DETAILED DESCRIPTION OF THE INVENTION Field of Industrial Application The present invention relates to a retarder for applying braking force to an automobile, and more particularly to an automobile retarder that can control the braking force.

<Prior Art> In order to make it easier to drive a car, especially to make it easier to drive at a constant speed on a highway, attempts have been made to attach a constant speed driving device to a car. This constant speed traveling device is an application of a microcomputer, which calculates the difference between the actual traveling speed and the set speed, and adjusts the amount of fuel supplied to the engine according to this calculated value. The amount is controlled. That is, the conventional constant speed traveling device is connected to a fuel supply device, and is configured to control the amount of fuel supplied according to the difference between the traveling vehicle speed and the set vehicle speed.

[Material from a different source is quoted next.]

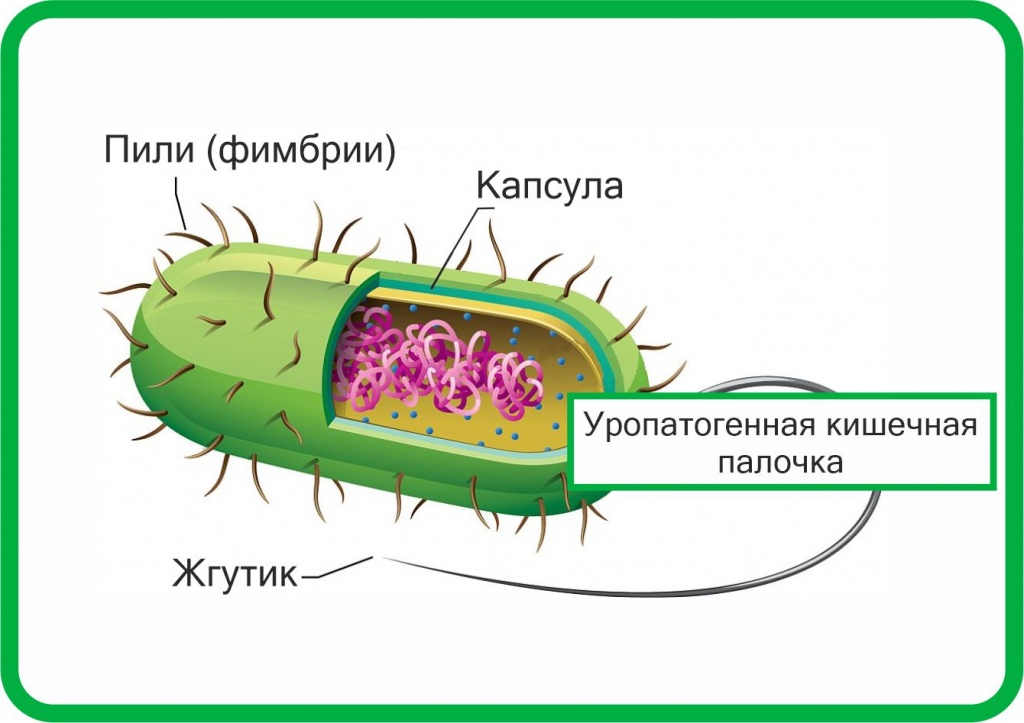 острый цистит бактерия.jpg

According to such a conventional constant speed traveling device, it is possible to sufficiently drive a vehicle at a constant speed on a flat road or an uphill road with a certain angle. However, on a downhill road that has an angle such that the acceleration applied to the vehicle is greater than the braking force of the engine brake, it has become impossible to drive at a constant speed. In other words, as the speed gradually increases on such roads, the driver takes actions such as changing the gear ratio of the transmission, using the exhaust brake, or stepping on the foot brake. The defect in the control of the constant speed traveling device was compensated for. That is, the conventional constant speed traveling device has the disadvantage that it cannot sufficiently achieve its purpose, especially on a downhill road.

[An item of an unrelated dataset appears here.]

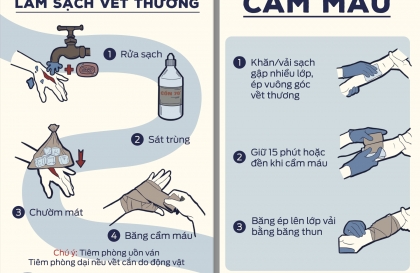 Kỹ năng sơ cứu cơ bản: Sơ cứu khi bị chó cắn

〓Object of the Invention〓 The present invention has been made in view of the above-mentioned problems, and it effectively utilizes a retarder that provides braking force to an automobile, thereby achieving a constant speed, especially when descending a slope. It is an object of the present invention to provide a retarder for an automobile that improves the controllability of a traveling device.

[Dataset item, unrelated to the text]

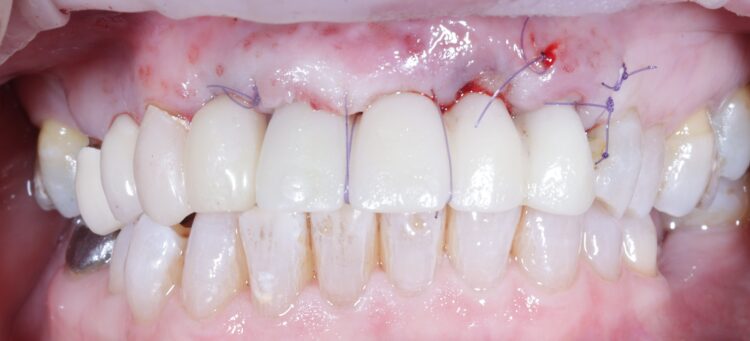 Tapered Pro Conical dr iqbal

〓Structure of the Invention〓 The present invention provides a retarder for applying braking force to an automobile, in which the retarder is connected to a constant speed traveling device, and the vehicle speed is made constant by a computer of the constant speed traveling device. The amount of fuel supplied to the engine is controlled, and the current flowing through a coil that adjusts the braking force of the retarder is controlled by the computer, thereby controlling the braking force of the retarder during deceleration. controlled by the constant speed traveling device,
The constant speed traveling device has a control function on each of the speed increasing side and the decelerating side, and especially when the driving force is higher than the braking force of the engine brake, such as when going downhill, This ensures that the vehicle can run at a constant speed.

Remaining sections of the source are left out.